Just to comment on your example, that method shouldn't exist as it adds no value to the codebase - it is purely redundant code. Especially if you were to rename it to convertTextToUpperCase.

The only situation where the method would make sense is if you wanted to be able to change the implementation in the future (TitleCase, LowerCase etc.), in which case a better renaming would be covertTextForDisplayInTitles (i.e. Use the method name to comment why we need to convert the text). That has the added benefit of also telling you what the method does in your IDE just from its signature.


I was thinking about this recently, and wondered how other people think of this. Working in a high level language like Python, you can do quite a lot in one line, for example in a list comprehension.

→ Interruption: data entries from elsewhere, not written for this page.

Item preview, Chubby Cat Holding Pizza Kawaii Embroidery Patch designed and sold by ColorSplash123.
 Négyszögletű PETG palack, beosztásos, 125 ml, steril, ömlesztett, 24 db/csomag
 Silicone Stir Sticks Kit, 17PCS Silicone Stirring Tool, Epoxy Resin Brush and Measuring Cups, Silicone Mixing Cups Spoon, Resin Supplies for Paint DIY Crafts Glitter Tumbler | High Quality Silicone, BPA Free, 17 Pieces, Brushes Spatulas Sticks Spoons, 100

Should a "productive" one liner be put in a separate method / function with meaningful name, or better a comment beside it?

I personally find short methods often decrease code readability, as you constantly have to jump around, and can't read anything from top to bottom.


> I personally find short methods often decrease code readability, as you constantly have to jump around, and can't read anything from top to bottom.

In general, if you have to jump into every method call to understand a method that calls other methods, the names are bad – probably too short and don't state intention.


My approach is frequently to "name" a complicated list comprehension by shoving it into a one or two-liner closure function in the current scope. Then you don't have to jump miles and the code which uses it becomes readable.


So what is the advantage of this approach over having a comment beside it? Sounds slightly more complex to me.


Because comments can lie.

Also, it can be harder to express the generator in a useful way in English than the code itself if the code is well written.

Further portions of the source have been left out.